RECORDS FOR THE EXERCISE section start

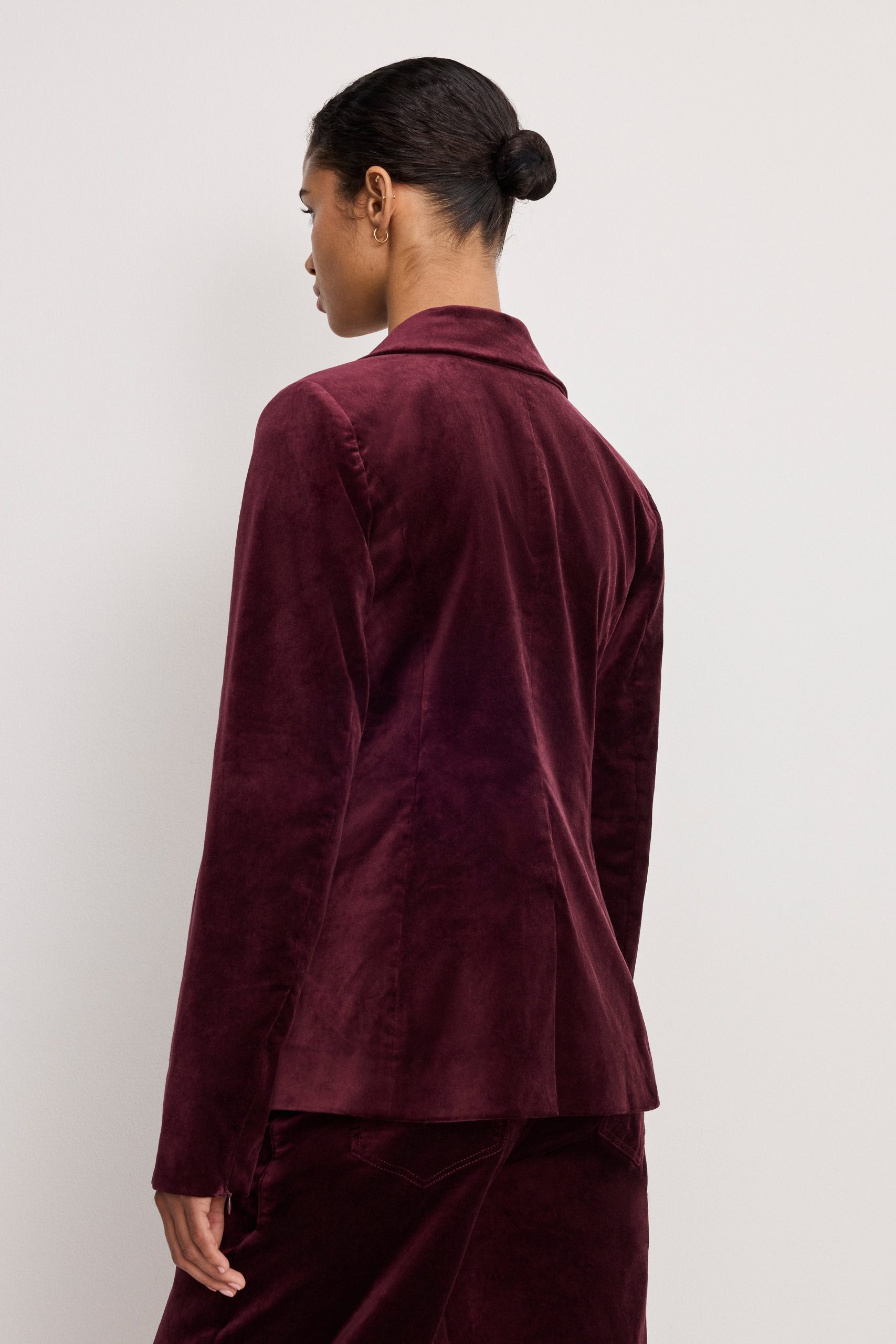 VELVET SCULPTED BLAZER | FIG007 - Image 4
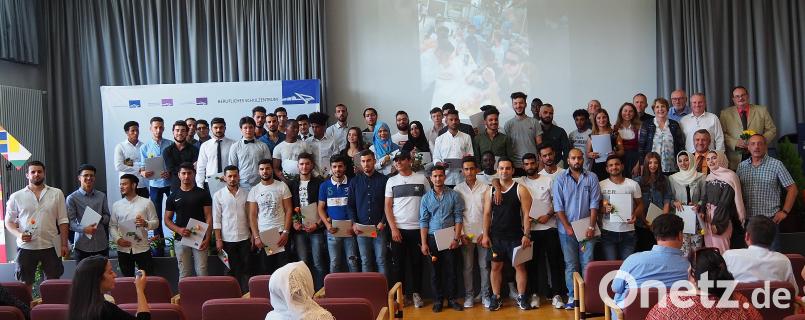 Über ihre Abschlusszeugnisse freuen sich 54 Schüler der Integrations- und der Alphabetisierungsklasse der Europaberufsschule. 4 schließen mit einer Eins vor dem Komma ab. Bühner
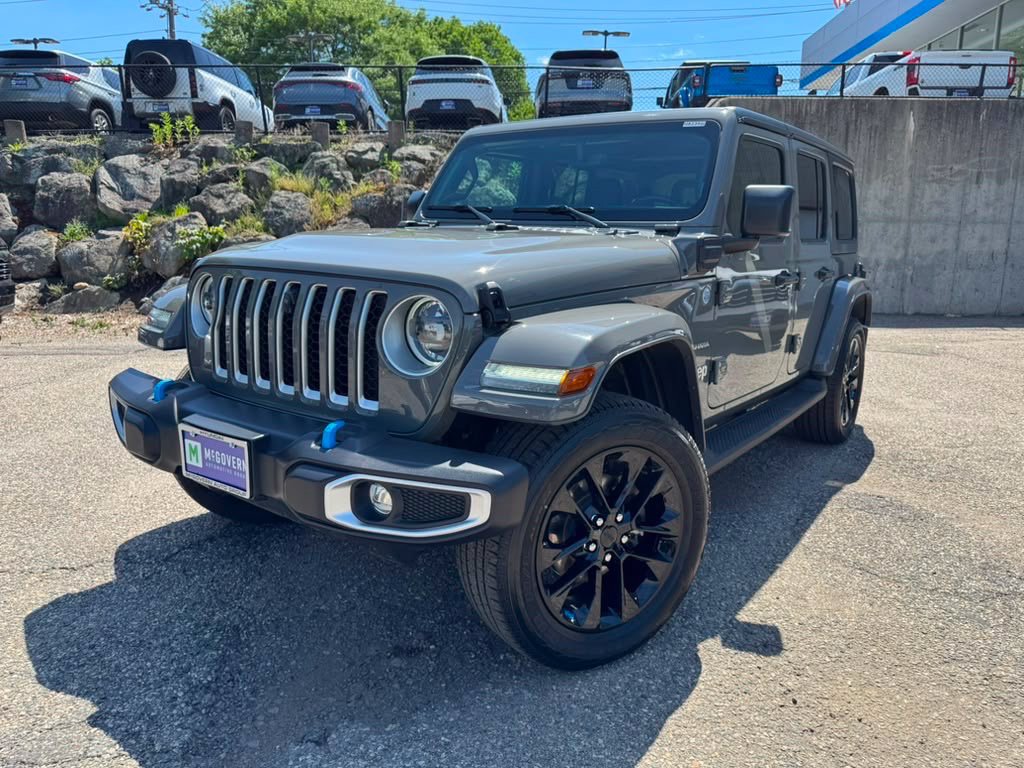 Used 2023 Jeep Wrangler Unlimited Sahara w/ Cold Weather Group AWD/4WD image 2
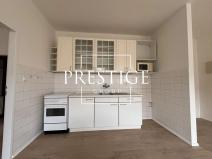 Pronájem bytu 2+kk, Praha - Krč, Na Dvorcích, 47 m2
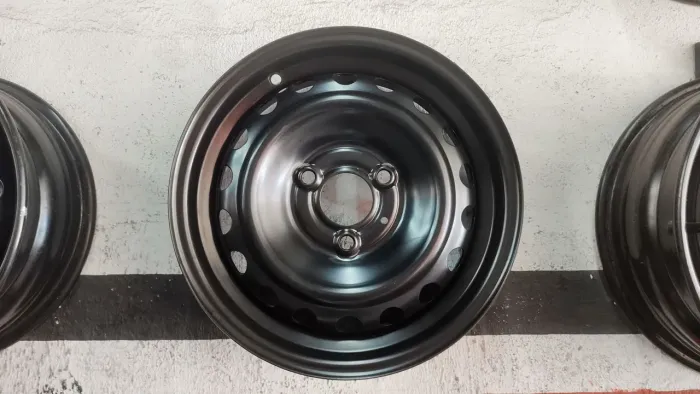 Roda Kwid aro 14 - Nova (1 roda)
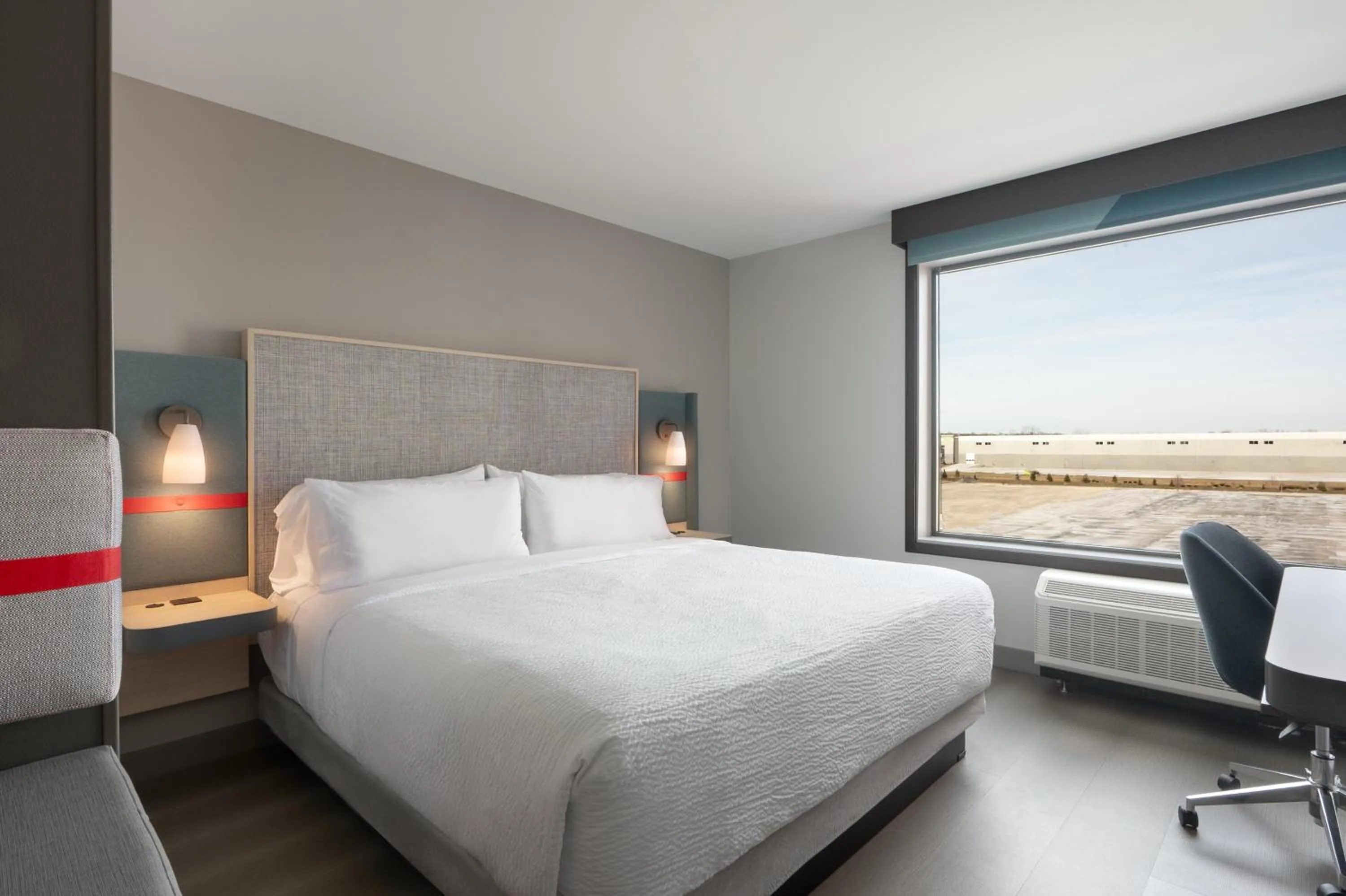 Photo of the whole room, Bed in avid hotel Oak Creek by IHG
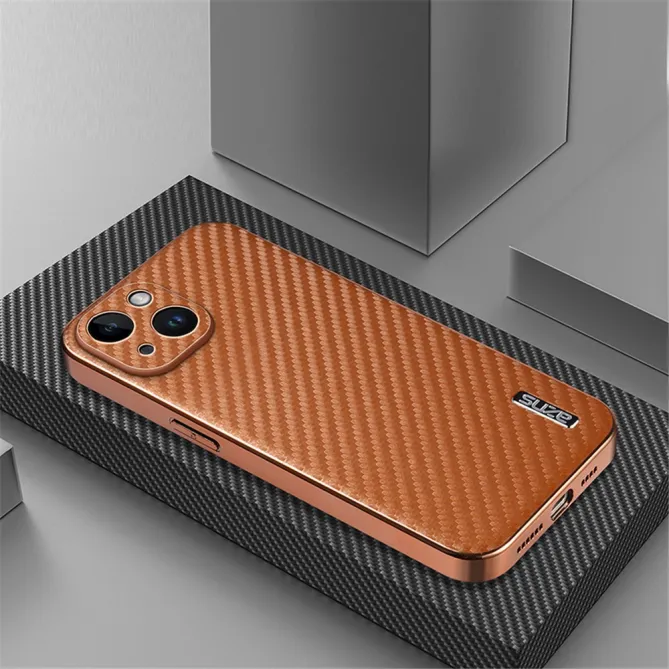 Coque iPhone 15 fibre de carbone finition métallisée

RECORDS FOR THE EXERCISE section end

#### [ASSIGNED TASK]
What is needed is a word-for-word copy of the records above, excluding pictures.

#### [OUTPUT OF THE EXERCISE]
 VELVET SCULPTED BLAZER | FIG007 - Image 4
 Über ihre Abschlusszeugnisse freuen sich 54 Schüler der Integrations- und der Alphabetisierungsklasse der Europaberufsschule. 4 schließen mit einer Eins vor dem Komma ab. Bühner
 Used 2023 Jeep Wrangler Unlimited Sahara w/ Cold Weather Group AWD/4WD image 2
 Pronájem bytu 2+kk, Praha - Krč, Na Dvorcích, 47 m2
 Roda Kwid aro 14 - Nova (1 roda)
 Photo of the whole room, Bed in avid hotel Oak Creek by IHG
 Coque iPhone 15 fibre de carbone finition métallisée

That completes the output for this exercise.